Here’s the answer to that question, “what to do for an encore after such a note-perfect quiet storm groove tune as ‘What You Won’t Do For Love’?”
Coming down from that oft-sampled top ten hit from 1978, “Coming Down From Love” only reached 42 in 1980, quickly regulating the underrated blue-eyed jazz-soul crooner to a cult status, a status that he’s thrived within to this day. And no, I’m not going to put “Coming Down” on the same level as “What You Won’t Do” but it shoulda been a stronger contender.
A song about dealing with the aftermath of a love affair, it actually sports tighter lyrics than the quickly-penned signature song and displays Caldwell’s vocal range a little better, especially that sweet falsetto he uncorks during the bridge.

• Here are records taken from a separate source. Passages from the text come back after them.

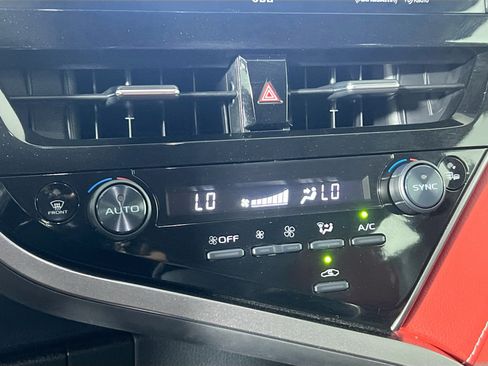 Used 2023 Toyota Camry XSE w/ Navigation Package FWD image 27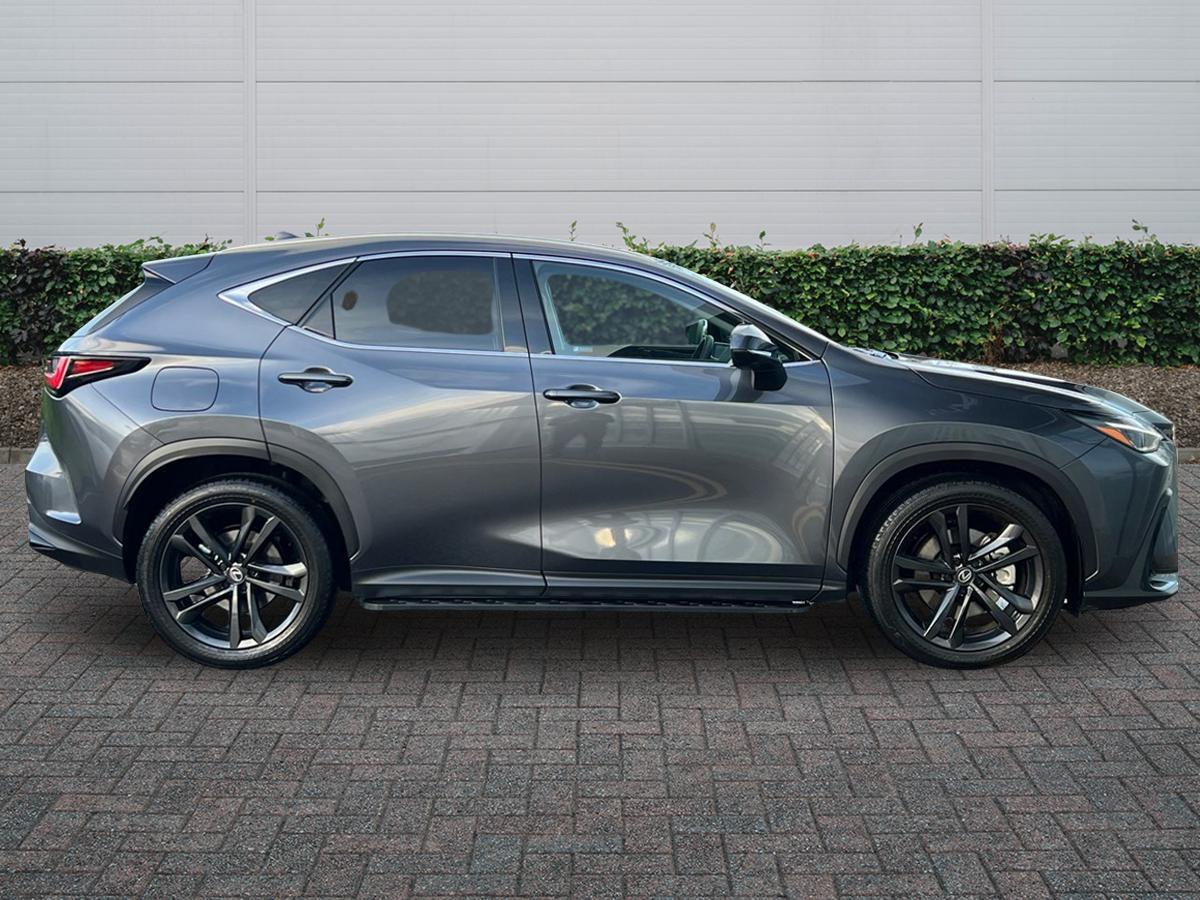 Used Lexus NX 2025 for sale - 77145328: Photo 5
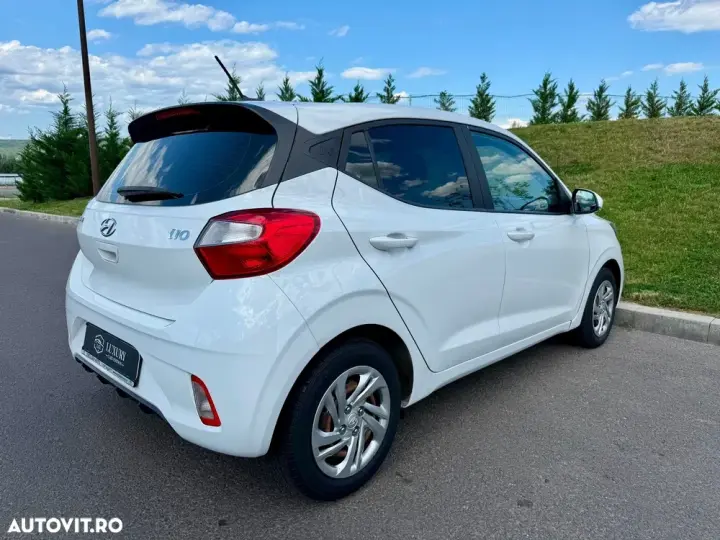 Hyundai i10 III 1.0 l 67 CP Comfort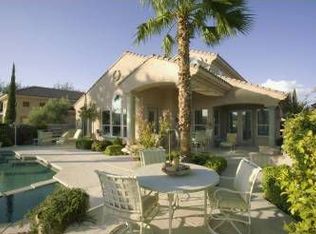 11 Via Paradiso St, Henderson, NV 89011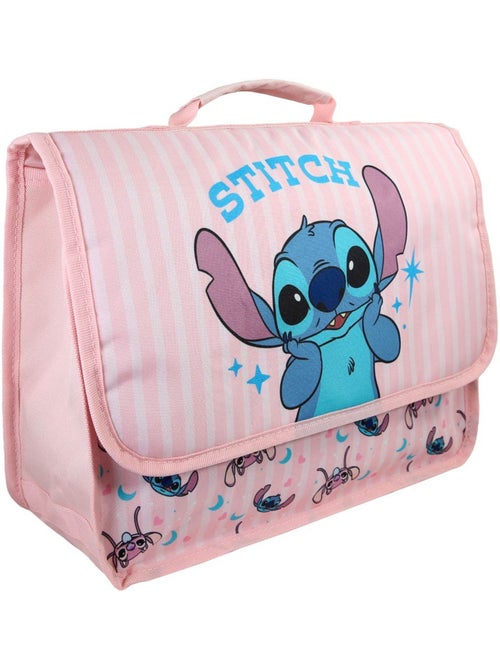 Boekentas – 'Stitch' – kleuterschool Stars 32 cm - Kiabi Boekentas – 'Stitch' – kleuterschool Stars 32 cm - Kiabi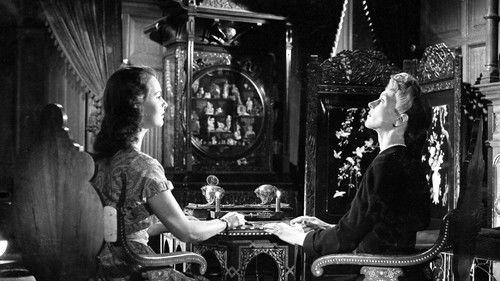 The Man in Black filmas žiurėti online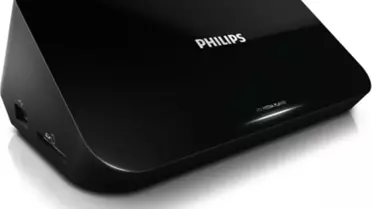 Phılıps, 12 ile Sınırsız Multimedya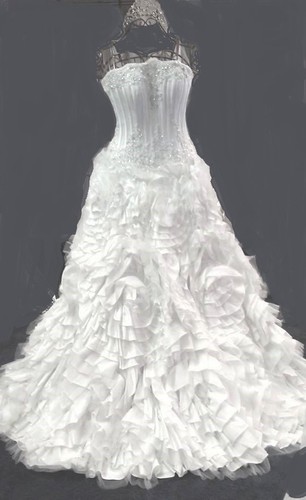 1399 marys 2 white - $1399💕,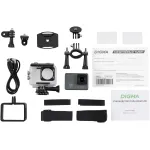 Видеокамера DIGMA DiCam 810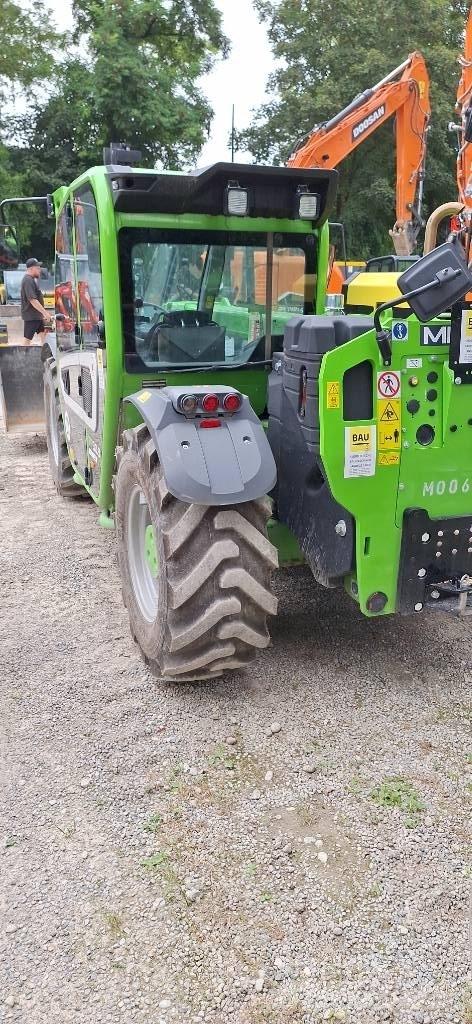 Merlo TF 30.9 Телескопични товарачи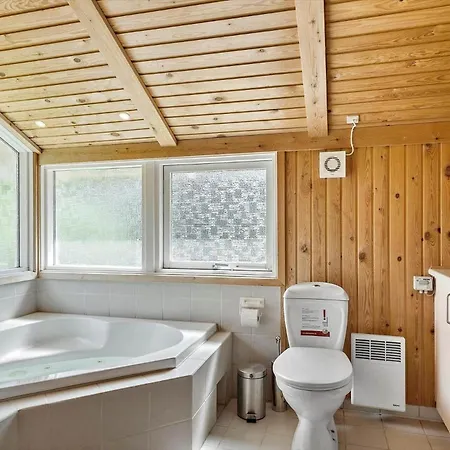 202-harboore-viktoriavej-12-a Nyaraló *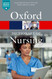 Dictionary of Nursing (Oxford Quick Reference)
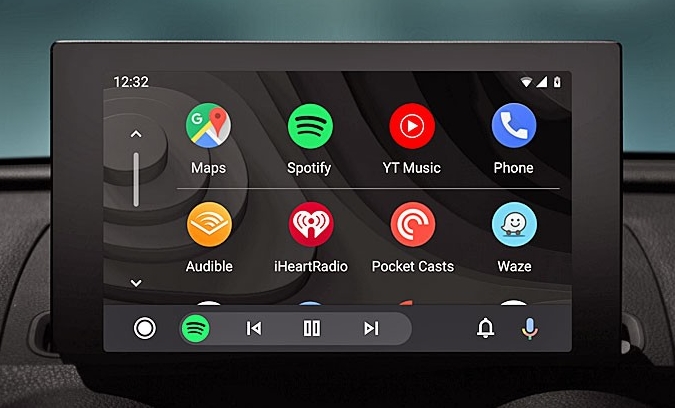 android auto国内能用吗，怎么用？(图1)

The bridge is my favorite part for anothe reason: the horn arrangement. Instead of going for the punchy, RnB charts heard on most soul songs, this one has that clarinet-drenched lushness that’s a hallmark of big band dance ensembles of the 30s and 40s. Mated to a loping, funky strut, it’s tasteful marriage of musical eras a couple of generations apart. During the instrumental break it mingles with a bluesy, economical electric guitar solo and that odd juxtaposition works, too.
Make no mistake, though, Caldwell’s voice is what makes this song go. He might have lost much of his hitmaking mojo by the time of “Coming Down From Love” but he maintained the quality. At one point of this forgotten single, Caldwell demands “tell me where I went wrong.”
He did nothing wrong.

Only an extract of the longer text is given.